Dataset records section start

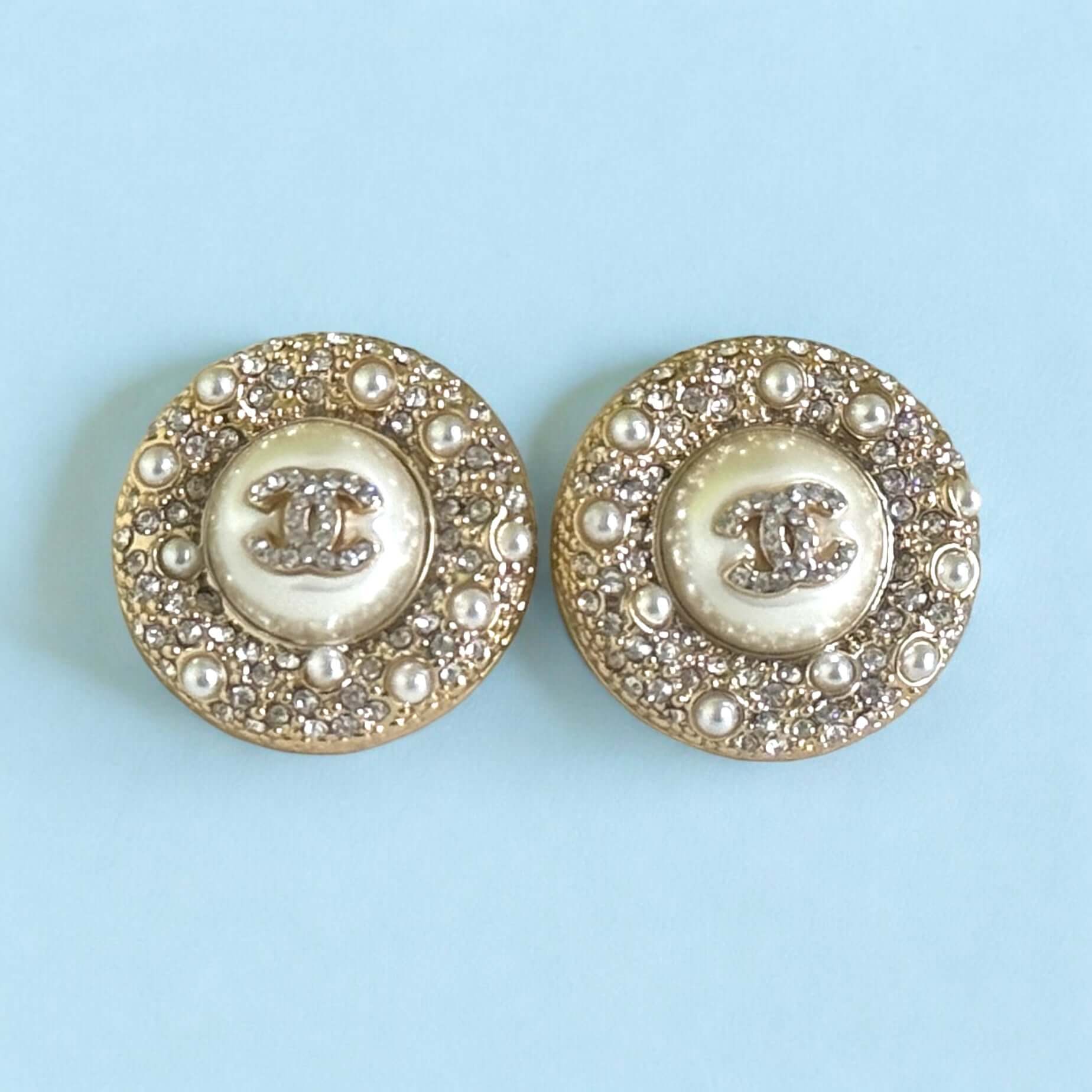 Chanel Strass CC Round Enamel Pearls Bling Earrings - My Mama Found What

Dataset records section end
Dataset records section start

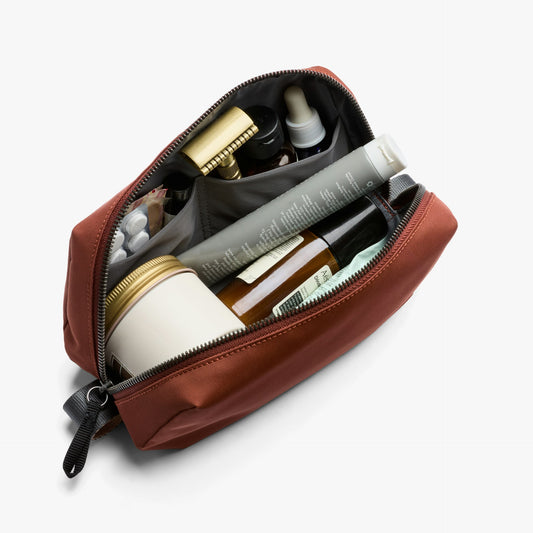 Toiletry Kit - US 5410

Dataset records section end
Dataset records section start

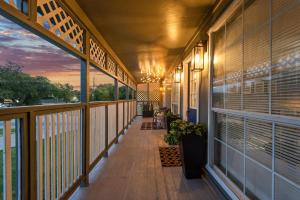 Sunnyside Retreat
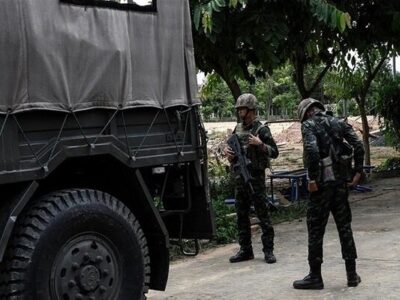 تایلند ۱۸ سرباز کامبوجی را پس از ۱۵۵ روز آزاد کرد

Dataset records section end

- _Assignment_
From the listing above, please give again the lines that begin with the line holding "Sunnyside Retreat" and go on through the line holding "تایلند ۱۸ سرباز", exactly, both ends included, minus any picture.

- _Response_
 Sunnyside Retreat
 تایلند ۱۸ سرباز کامبوجی را پس از ۱۵۵ روز آزاد کرد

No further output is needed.